Inbreakable, in the future, please remember that sometimes things get lost in communication on the internets, and try to avoid lashing out with attacks that users are making "stupid arguments".


08-03-2012, 03:35 AM
Another issue is gearing. A servo that is geared slower will have higher torque. In hobby servo circuits, you'll see a "speed" rating, which is the speed to move 60 degrees with no load, and it typically ranges from 0.05 to 0.2 seconds. The same motor and servo would have four times the torque at 0.2 second speed as it has at 0.05 second speed.
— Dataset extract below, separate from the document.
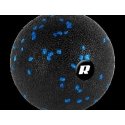 Massage ball 12cm, black and blue, EPP material, REBEL ACTIVE Massage ball 12cm, black and blue, EPP material, REBEL ACTIVE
Speaking of which -- what are the speed requirements for a walking gait, in everyone's experience?

08-03-2012, 09:09 AM
Sorry just didn't really like the snippy attitude I'll try to look over my post before I post them up. THank you for the info tho. Yeah I forgot about the fact one servo operates at twice the voltage haha... THanks for the input.

08-03-2012, 10:32 AM
Sorry just didn't really like the snippy attitude I'll try to look over my post before I post them up. THank you for the info tho. Yeah I forgot about the fact one servo operates at twice the voltage haha... THanks for the input.

There was no snippy attitude. Th232 is one of the more helpful posters on this forum and was simply trying to help. He certainly didn't need to apologize, quite the opposite, as you are in the wrong here.

Watch your own attitude, or you can find your way to the door. We're here to learn and share, not get upset and lash out because we don't understand something.